[Data supplied Boundary: Start]
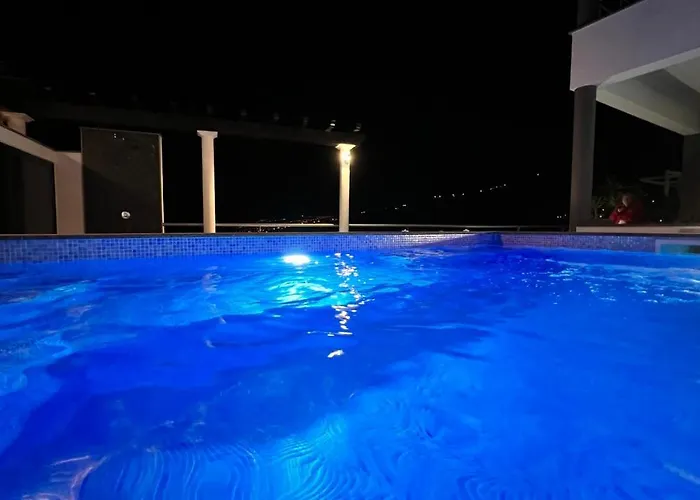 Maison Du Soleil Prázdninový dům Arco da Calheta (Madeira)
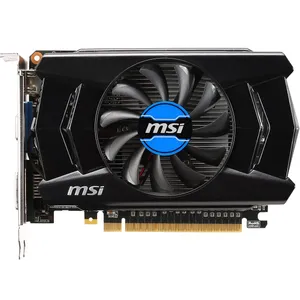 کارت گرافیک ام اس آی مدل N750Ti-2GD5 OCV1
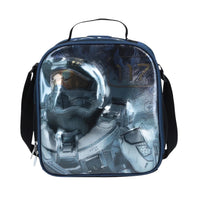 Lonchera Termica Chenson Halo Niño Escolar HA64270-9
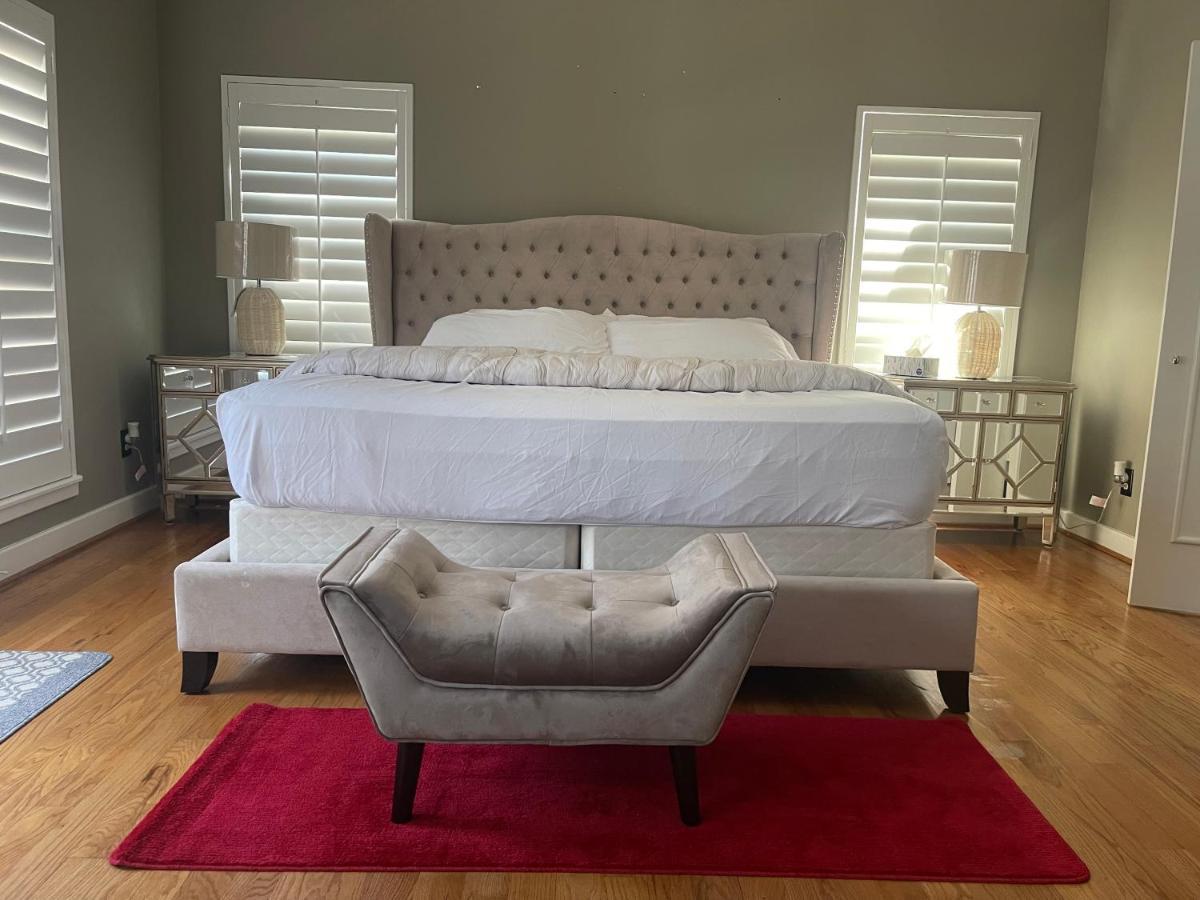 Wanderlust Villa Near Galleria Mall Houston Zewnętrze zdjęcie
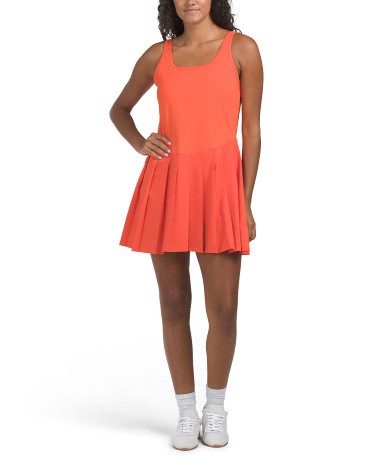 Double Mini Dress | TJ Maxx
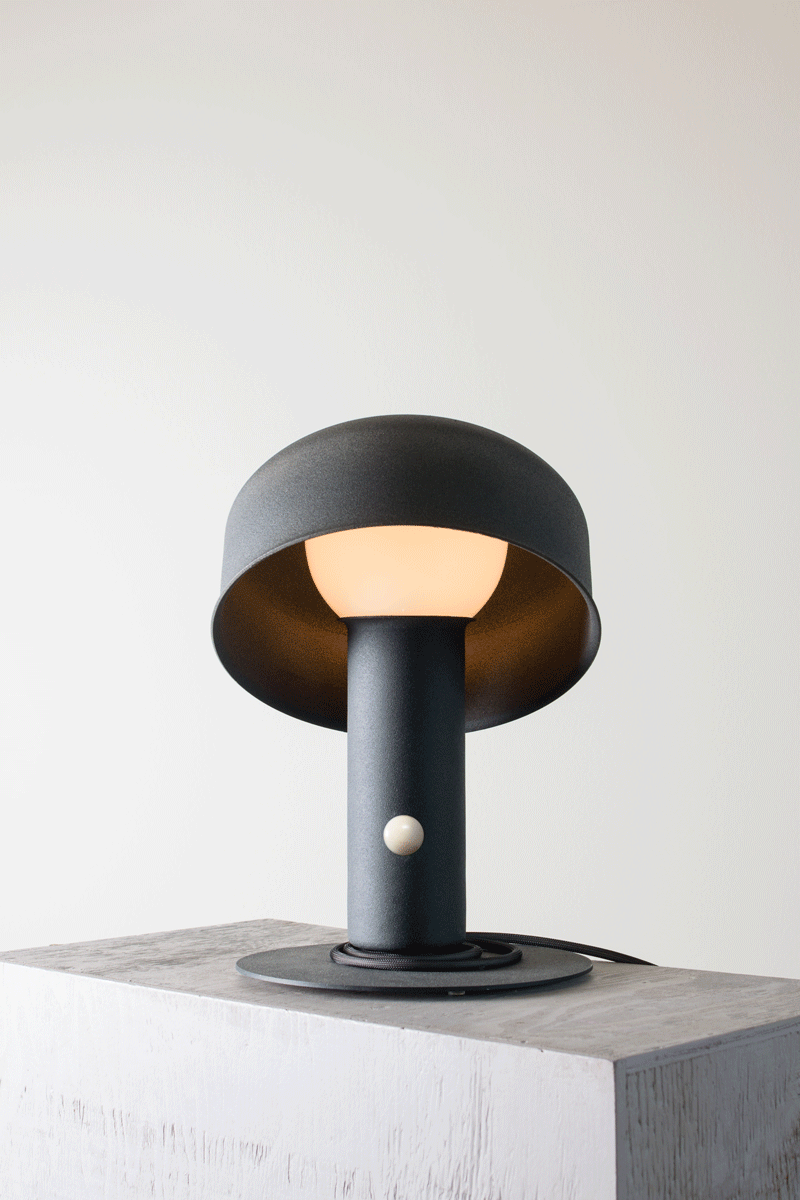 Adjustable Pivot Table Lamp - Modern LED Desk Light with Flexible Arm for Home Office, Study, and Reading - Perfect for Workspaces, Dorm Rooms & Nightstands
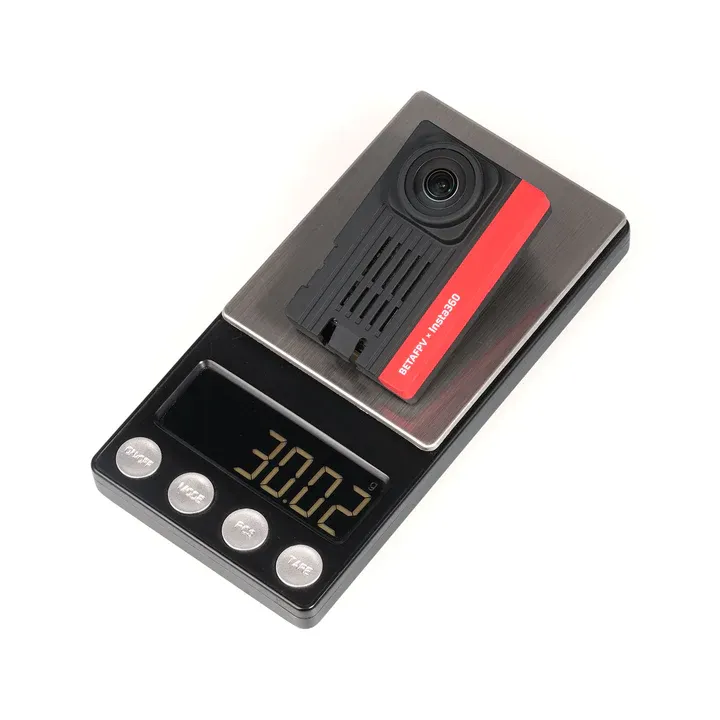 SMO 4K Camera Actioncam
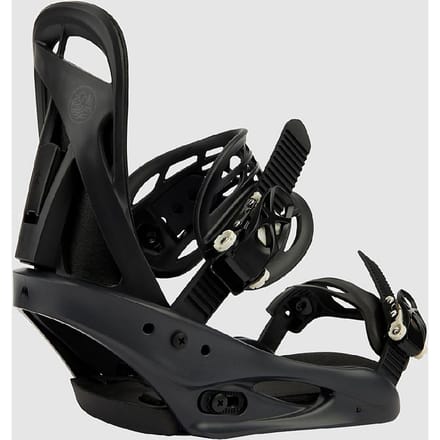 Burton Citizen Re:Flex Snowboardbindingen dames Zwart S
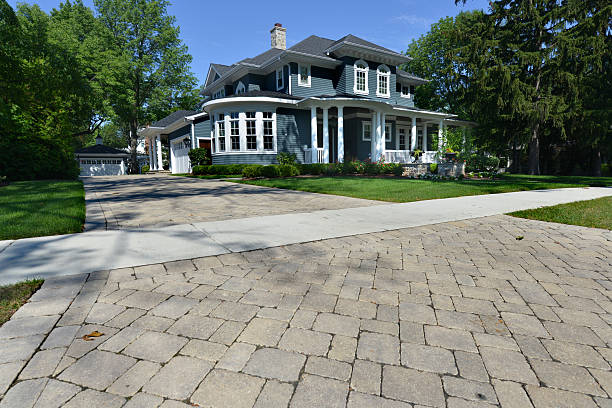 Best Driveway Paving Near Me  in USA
[Data supplied Boundary: End]
=== Work request ===
Give the material above again exactly as it stands, minus any images.

=== Completed task ===
 Maison Du Soleil Prázdninový dům Arco da Calheta (Madeira)
 کارت گرافیک ام اس آی مدل N750Ti-2GD5 OCV1
 Lonchera Termica Chenson Halo Niño Escolar HA64270-9
 Wanderlust Villa Near Galleria Mall Houston Zewnętrze zdjęcie
 Double Mini Dress | TJ Maxx
 Adjustable Pivot Table Lamp - Modern LED Desk Light with Flexible Arm for Home Office, Study, and Reading - Perfect for Workspaces, Dorm Rooms & Nightstands
 SMO 4K Camera Actioncam
 Burton Citizen Re:Flex Snowboardbindingen dames Zwart S
 Best Driveway Paving Near Me  in USA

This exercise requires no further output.